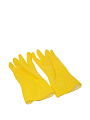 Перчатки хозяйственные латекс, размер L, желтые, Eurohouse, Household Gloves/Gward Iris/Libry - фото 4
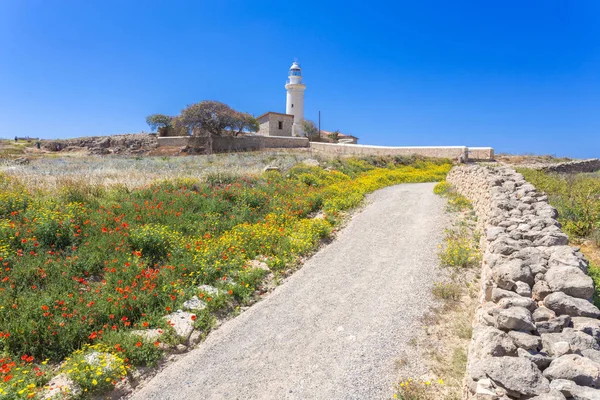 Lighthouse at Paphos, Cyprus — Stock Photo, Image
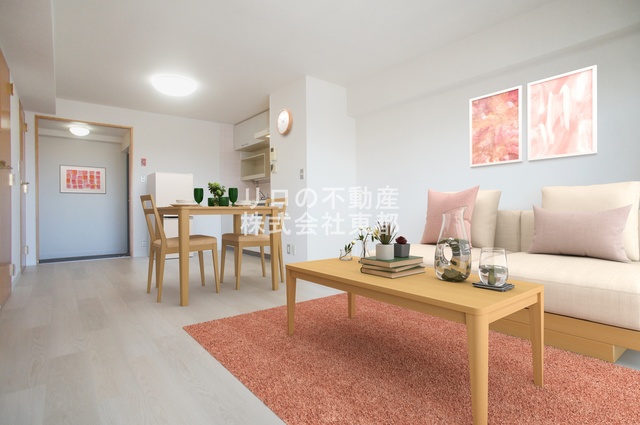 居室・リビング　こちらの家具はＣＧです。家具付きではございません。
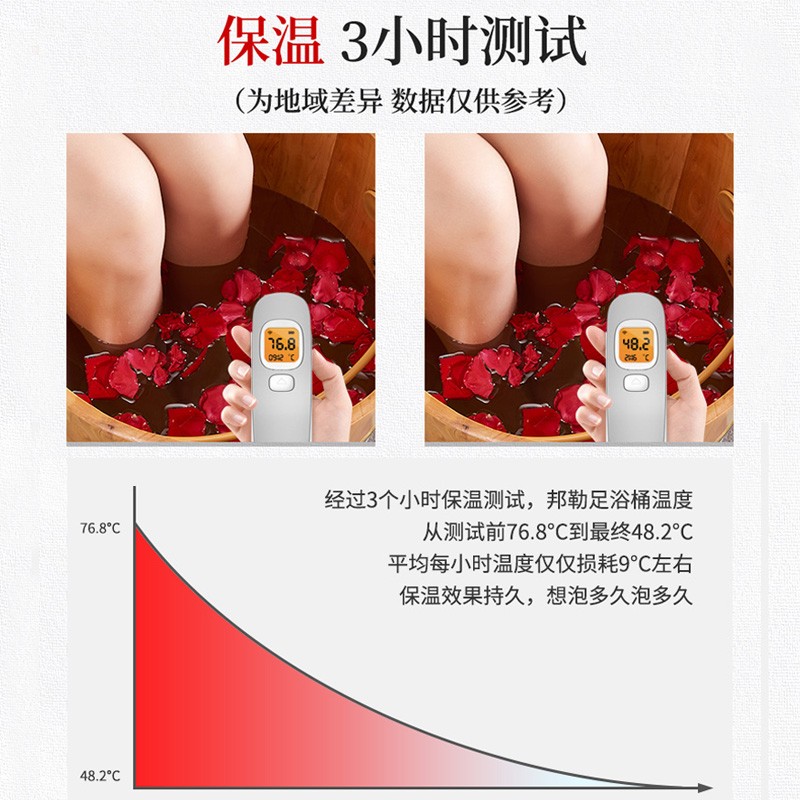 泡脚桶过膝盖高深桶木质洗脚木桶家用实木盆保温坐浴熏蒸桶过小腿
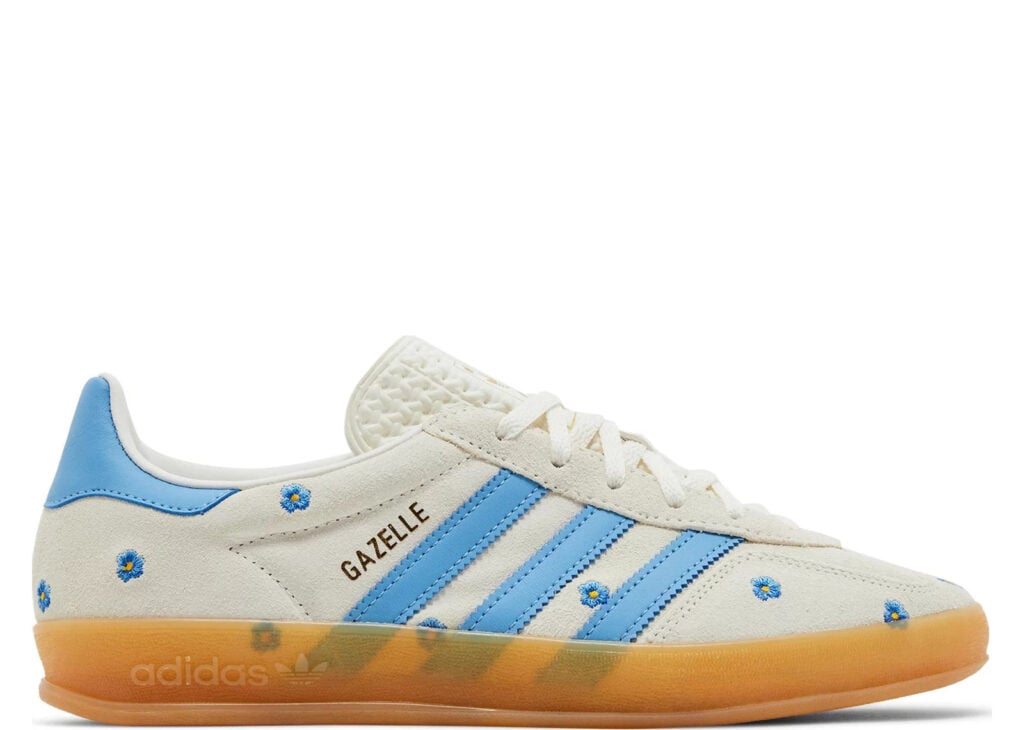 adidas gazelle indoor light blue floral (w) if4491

# The problem:
Drop the pictures; repeat the listing above exactly.

# Task solution:
 Перчатки хозяйственные латекс, размер L, желтые, Eurohouse, Household Gloves/Gward Iris/Libry - фото 4
 Lighthouse at Paphos, Cyprus — Stock Photo, Image
 居室・リビング　こちらの家具はＣＧです。家具付きではございません。
 泡脚桶过膝盖高深桶木质洗脚木桶家用实木盆保温坐浴熏蒸桶过小腿
 adidas gazelle indoor light blue floral (w) if4491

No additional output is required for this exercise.